▶ [What the task asks]
The data below contains pictures, which are to be skipped; the lines starting at the line with "ผ้าเช็ดรถ ผ้าไมโครไฟเบอร์ 3D" and ending at the line with "光阳125踏板车燃油开关豪迈GY6125燃油箱阀门劲丽摩托车油箱开关" are to be output exactly, both ends included.

▶ [Data for review]
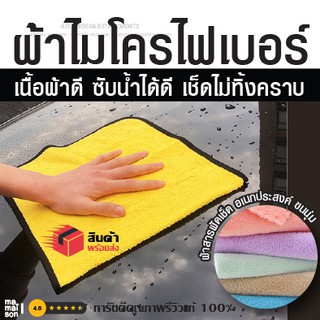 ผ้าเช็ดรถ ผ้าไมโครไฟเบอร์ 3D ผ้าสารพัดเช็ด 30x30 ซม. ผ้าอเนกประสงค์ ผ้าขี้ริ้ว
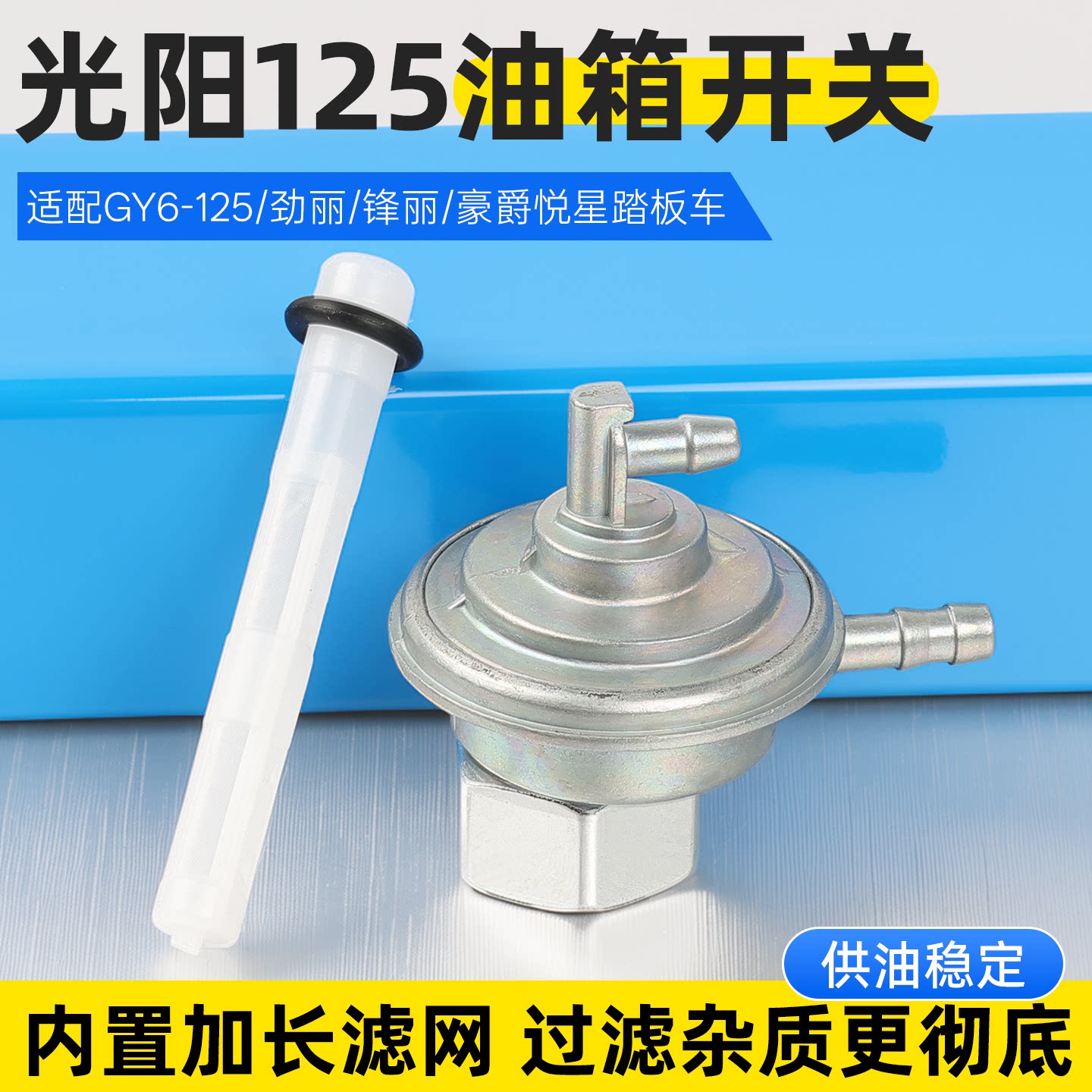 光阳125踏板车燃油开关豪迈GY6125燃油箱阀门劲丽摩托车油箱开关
---
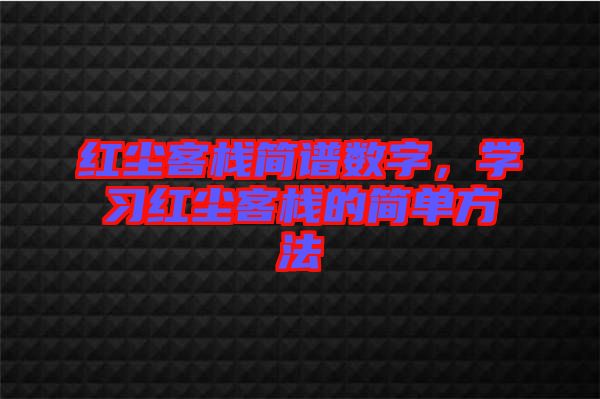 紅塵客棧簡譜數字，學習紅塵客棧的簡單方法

▶ [Solution to this exercise]
 ผ้าเช็ดรถ ผ้าไมโครไฟเบอร์ 3D ผ้าสารพัดเช็ด 30x30 ซม. ผ้าอเนกประสงค์ ผ้าขี้ริ้ว
 光阳125踏板车燃油开关豪迈GY6125燃油箱阀门劲丽摩托车油箱开关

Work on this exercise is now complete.